Alternative names: xispy, pywxis, wxispy.

Problema con el nombre del módulo Python: es muy cómodo llamarlo wxis (archivo wxis.py), pero en algunas situaciones se presta a confusión con wxis el programa.

README

README file for wxis


Requirements:

    * Server:
      - web server with CGI support enabled
      - wxis (5.x or higher)
    * Client:
      - Python (tested with version 2.5)

Files:

    wxis-json-modules/  (put it somewhere in your web server's cgi-bin folder)
        _common.xis
        _display-record.xis
        control.xis
        delete.xis
        edit.xis
        extract.xis
        index.xis
        list.xis
        search.xis
        write.xis
        
    wxis: copy it in the same folder as the .xis files (or use a symlink to a different location, always below your cgi-bin folder)

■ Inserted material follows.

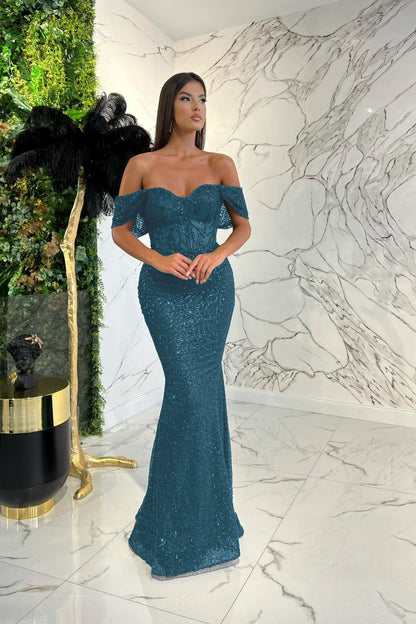 Elegant Dark Green Sweetheart  Off-The-Shoulder Prom Dress With Applique Sequins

    wxis/  (put this folder wherever you please, on the client)
        wxis.py
        config.py
        test/       (test database files)
            cds.iso
            cds.mst
            cds.xrf
            cds.fst
        
Note: although you can test wxis on a standalone computer, you can also work with a separate database server, i.e. web server + databases + wxis + *.xis files living on a computer, and python + *.py files on another one. However, to make things easier, the ''test'' module assumes that the database is local.
        
Edit ''config.py'' and adjust a few parameters.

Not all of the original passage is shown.